You have copyright on anything you write, you don't have to do anything to have a copyright. If you sue someone, having proof is quite good. Registration with the copyright office is taken as evidence of copyright, but you could have other evidence (burn a CD, put it in a sealed envelope and mail it to yourself. Do NOT open the envelope!).

If a company copies your software, you may not necessarily need proof that you wrote the software. Companies have many employees that you could force to testify in court, and if I personally had the choice of telling the truth in court and costing my company a million dollars, or lying, which means jail time if I get caught, I would choose telling the truth. (On the other hand, if my company ever caught a developer using someone else's source code without checking with our lawyers, they would be in deep trouble).

liptonlover
Sep 21, 2008, 10:38 AM
Ok thanks. But I'm not just talking about the code, it's the idea of the game. Can that even be copyrighted?

italiano40
Sep 21, 2008, 10:45 AM
Ok thanks. But I'm not just talking about the code, it's the idea of the game. Can that even be copyrighted?

let me tell you go get a patient to protect your idea

robbieduncan
Sep 21, 2008, 10:46 AM
a patient

a patent

g4cubed
Sep 21, 2008, 11:11 AM
There's always the poor man's copyright, burn your stuff to CD/DVD then mail it to yourself.

That may work for copyrights but for patents it (poor man's patent) will not stand up in court.

mysterytramp
Sep 21, 2008, 09:08 PM
When the world was creating copyrights, trademarks and patents, the lines seemed fairly definite. If you didn't want someone making something you just invented, you needed a patent. If you didn't want someone stealing some form of expression, you needed a copyright. And trademarks were literally marks you used in trade.
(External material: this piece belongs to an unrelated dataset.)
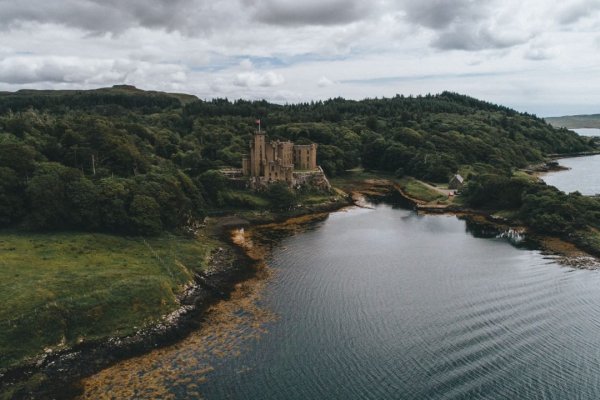 Viaje fotográfico a Escocia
Things might have already been a little bit screwed up before computers came along, but you can bet the digital age hastened the total screwage of the copyright-trademark-patent system.

Code is a form of expression, which should be copywritten, right? But the code makes a product that does something, which means a patent, right? And no new killer app is worth its weight in electrons if it doesn't have some new buzzword, so you need a trademark, right?

Now shoehorn your problem into this universe ... I hate to say it, but you're beyond the ken of the folks on this board. Not to say there aren't wise souls here ... just that it seems you've got an idea you want to protect, so you don't want to blab it to the world over an open Internet discussion. And without specifics, it's hard to offer advice. (At least from my POV. I know a thing or two about copyrights in general; zilch about patents.)

If you really want to feel safe about your creation, you probably ought to invest in a lawyer. You can share confidentially what you've got in mind and he/she should be able to spell out how to protect it, and estimate how much it's going to cost. (Copyrights are virtually free, patents far from it.)

Lawyers ain't cheap, but your local bar association might have some pro bono basic biz program that can guide you.

Probably too many words ... sorry

mt

gnasher729
Sep 22, 2008, 06:34 AM
Ok thanks. But I'm not just talking about the code, it's the idea of the game. Can that even be copyrighted?

An idea cannot be protected. Only the expression of an idea can be copyrighted, and the implementation of an idea can in some cases be patented. So if you tell us about your great idea for an iPhone application, I and everyone else can take that idea, write an iPhone application, and beat you to the market.